Vendredi 10 décembre 2021

Je suis sur ton canapé, dans cet appartement où nous n’avons pas vécu ensemble et où tu vis dorénavant et jusqu’à toujours. Je te parle de moi, de mon père, de ma mère, des mes sœurs, ainsi nous dialoguons, tu as vécu cela, tu me rapportes les dernières paroles de ton père, moi je ne les sais pas, je les ai oublié les derniers mots qu’il m’a adressé, ou au moins la dernière fois que j’ai entendu sa voix, derrière celle de maman, je ne sais pas quand c’était. Il y a peut-être un indice dans le carnet noir, mais cela m’étonnerait. “J’ai oublié” : comment de fois je les prononce, ces mots, chaque jour. Tout s’étiole. Et nous parlons encore.

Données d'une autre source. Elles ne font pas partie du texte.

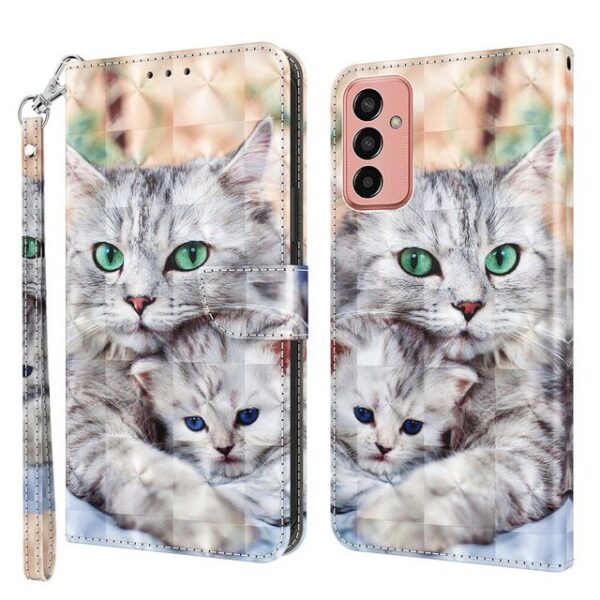 CLM-Tech Handytasche Hülle für Samsung Galaxy A14 5G Tasche aus Kunstleder Klapphülle (Katze Kätzchen, Samsung Galaxy A14 5G Handyhülle Wallet Flip Case Cover Etui), Standfunktion, Kartenfächer, Magnetverschluss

Et puis je te laisse, je marche à travers le dix-neuvième arrondissement pour arriver chez B ; trente et quelques minutes. J’aime être chez B, souvent il n’est pas là, il me prête cet endroit où il vit, c’est chaleureux et calme, il y a comme une forme de pureté chez lui ; et tout est bien rangé. Depuis la dernière fois, les plantes ont quitté la table, toute une étagère les accueille, près d’une fenêtre. Le temps glisse ; en écrivant ces mots je pense à son lit confortable : le matelas ferme, la couette lourde. Et il y a ce silence.